El brujo ha podido decirme todo eso porque, el mismo día, ha hecho venir a Zorrillo, que ha hecho de intérprete. Las cosas son demasiado graves para no tomar todas las precauciones, concluye diciendo Zorrillo. Vuelvo a casa. Zorrillo ha ido a la del brujo y se ha marchado por un camino distinto del mío. Nadie en el poblado sabe que el brujo me ha mandado llamar al mismo tiempo que a Zorrillo.
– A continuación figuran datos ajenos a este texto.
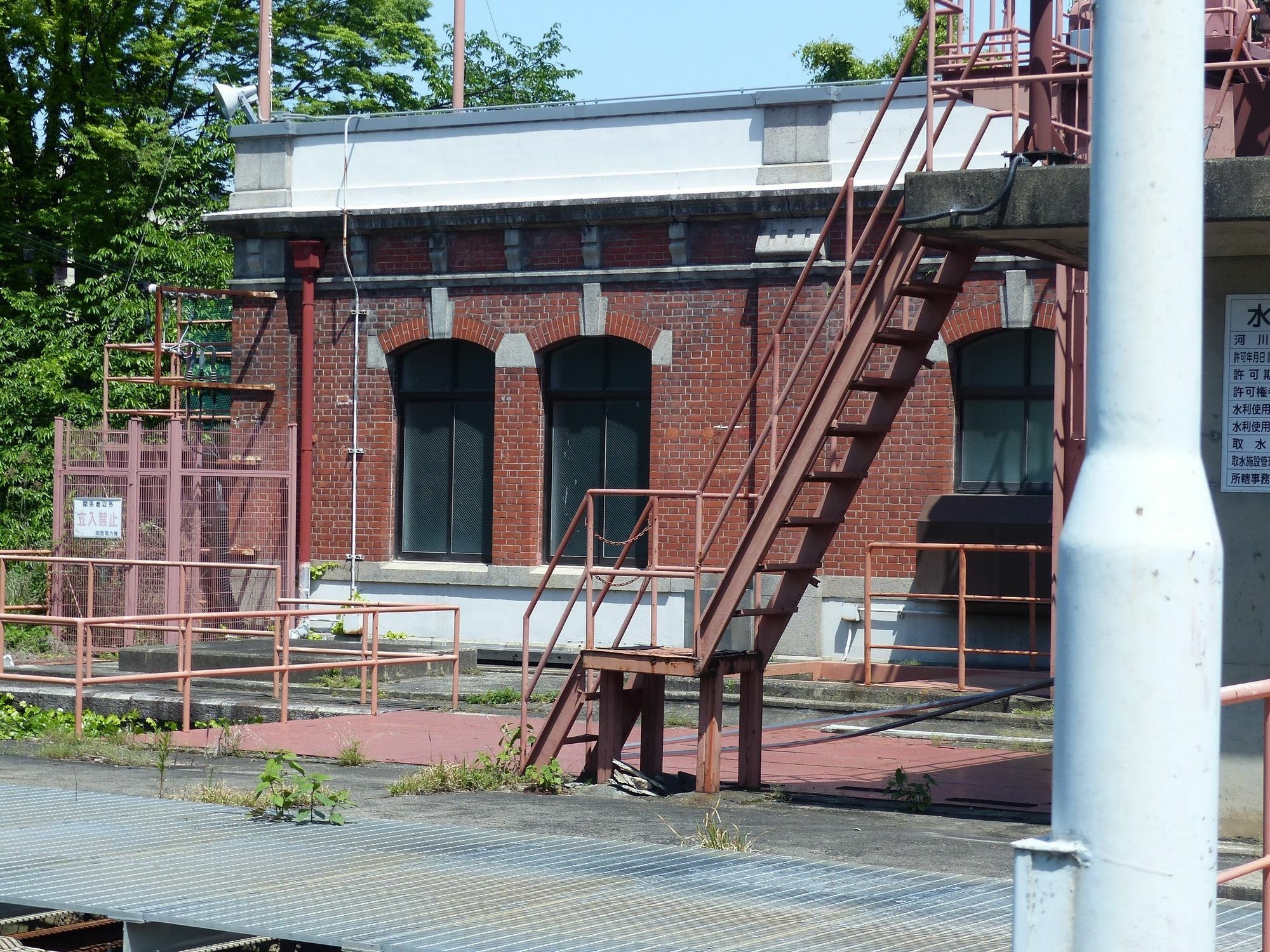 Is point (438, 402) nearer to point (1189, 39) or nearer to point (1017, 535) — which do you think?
point (1017, 535)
Ya han pasado seis meses y tengo prisa por irme. Un día, vuelvo a casa y encuentro a Lali y Zoraima inclinadas sobre el mapa. Tratan de entender qué representan esos dibujos. Lo que les preocupa es el dibujo con las flechas que indican los cuatro puntos cardinales. Están desconcertadas, pero adivinan que ese papel tiene algo muy importante que ver con nuestra vida.
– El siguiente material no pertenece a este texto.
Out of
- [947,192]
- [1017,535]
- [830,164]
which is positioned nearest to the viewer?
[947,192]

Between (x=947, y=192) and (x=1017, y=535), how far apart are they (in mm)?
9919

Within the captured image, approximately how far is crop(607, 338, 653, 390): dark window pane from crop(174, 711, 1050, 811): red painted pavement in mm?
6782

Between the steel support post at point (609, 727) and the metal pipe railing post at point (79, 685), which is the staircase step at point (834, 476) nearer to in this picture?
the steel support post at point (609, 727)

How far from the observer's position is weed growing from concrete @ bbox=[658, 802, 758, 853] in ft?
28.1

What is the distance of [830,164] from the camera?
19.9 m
El vientre de Zoraima ha empezado a hacerse muy voluminoso. Lali está un poco celosa y me obliga a hacer el amor a no importa qué hora del día o de la noche y en cualquier sitio propicio, Zoraima también reclama hacer el amor, pero, afortunadamente, sólo de noche. He ido a ver a justo, el padre de Zato. Lali y Zoraima me han acompañado. Me he valido del dibujo, que por suerte había guardado, para calcar las fauces del tigre en su pecho. En seis días ha quedado listo, pues la primera costra cayó pronto gracias a un lavado que él mismo se hizo con agua mezclada con trozos de cal viva. justo está tan contento que se contempla en el espejo varias veces al día. Durante mi estancia, ha venido Zorrillo. Con mi autorización ha hablado a Justo de mi proyecto, pues yo quisiera que me cambiase el caballo. Los caballos de, los guajiros, tordos, no existen en Colombia, pero justo tiene tres caballos alazanes colombianos. Tan pronto justo conoce mis proyectos, manda a buscar los caballos. Escojo el que me parece más manso, y justo lo hace ensillar, poner estribos y un freno de hierro, pues los suyos carecen de silla y, por freno, llevan un hueso. Tras haberme equipado a la colombiana, justo me pone en las manos las bridas de cuero marrón y luego, delante de mí, le cuenta a Zorrillo treinta y nueve monedas de oro de cien pesos cada una. Zorrillo debe guardarlas y entregármelas el día que me vaya. Quiere darme su carabina de repetición “Manchester”, rehúso y, además, Zorrillo dice que no puedo entrar armado en Colombia. Entonces, Justo me da dos flechas de un dedo de largo, envueltas en lana y encerradas en una pequeña funda, de cuero. Zorrillo me dice que son flechas emponzoñadas, con veneno muy violento y muy raro.